■ Data to process ■
►

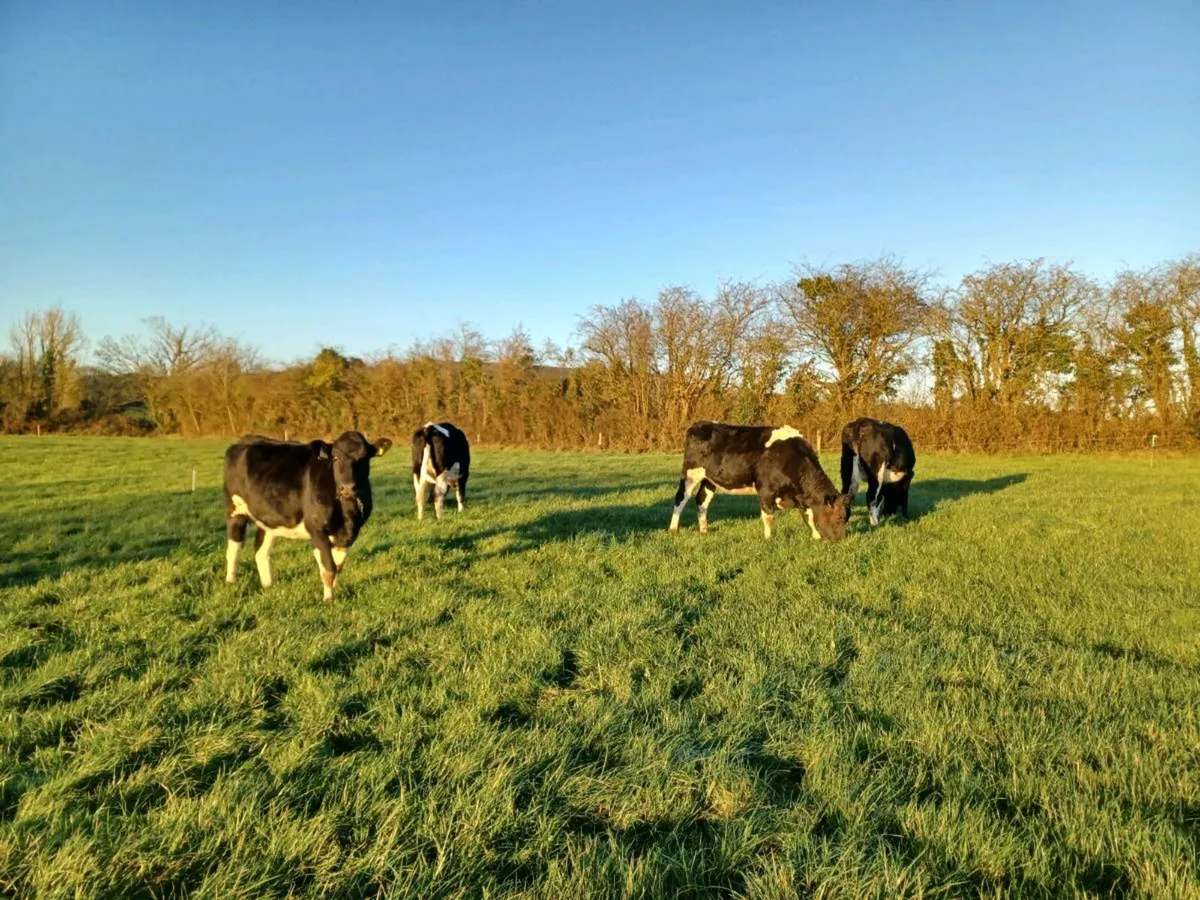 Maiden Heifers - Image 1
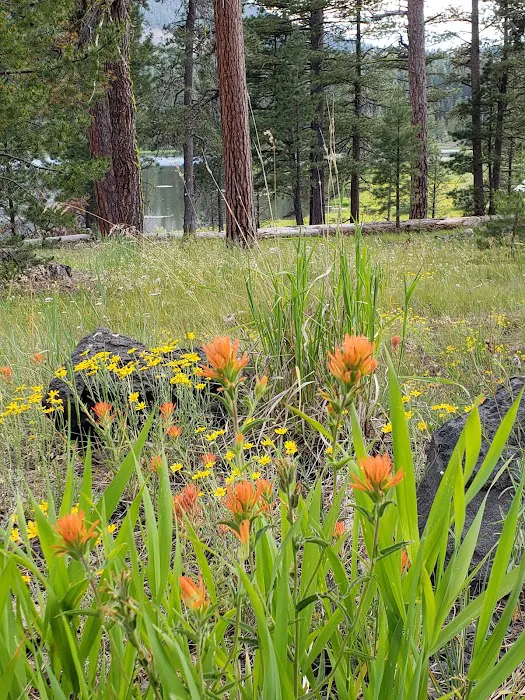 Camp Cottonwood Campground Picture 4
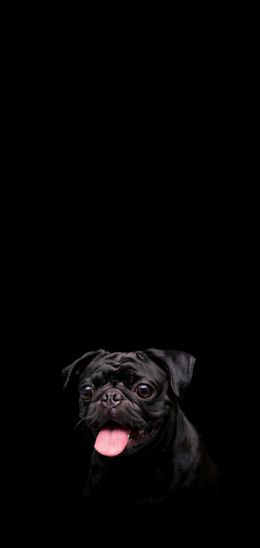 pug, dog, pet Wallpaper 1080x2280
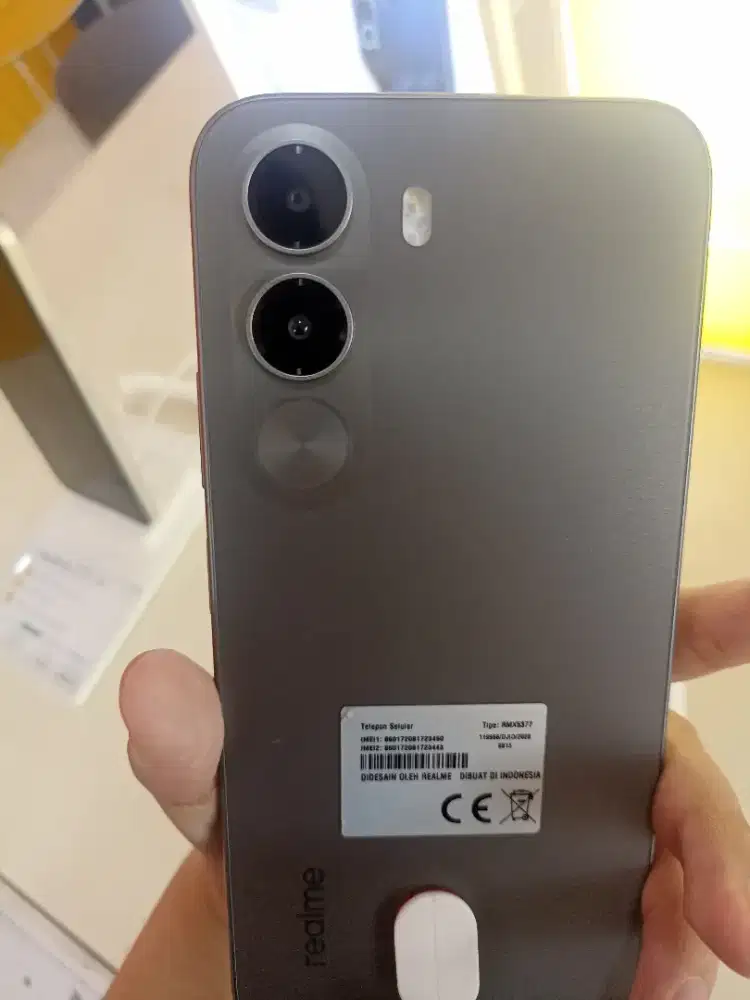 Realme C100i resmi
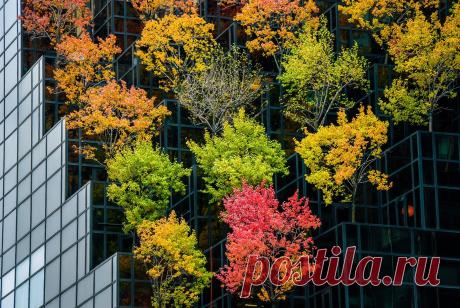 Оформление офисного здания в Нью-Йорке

◄
►

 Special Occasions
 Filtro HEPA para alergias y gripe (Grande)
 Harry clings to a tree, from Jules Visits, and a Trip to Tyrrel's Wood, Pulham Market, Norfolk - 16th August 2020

◄

■ What to work on ■
Everything from the line with "Camp Cottonwood Campground Picture 4" through the line with "Оформление офисного здания в Нью-Йорке" in the material above should be transcribed exactly, except the pictures.

■ Response for this exercise ■
 Camp Cottonwood Campground Picture 4
 pug, dog, pet Wallpaper 1080x2280
 Realme C100i resmi
 Оформление офисного здания в Нью-Йорке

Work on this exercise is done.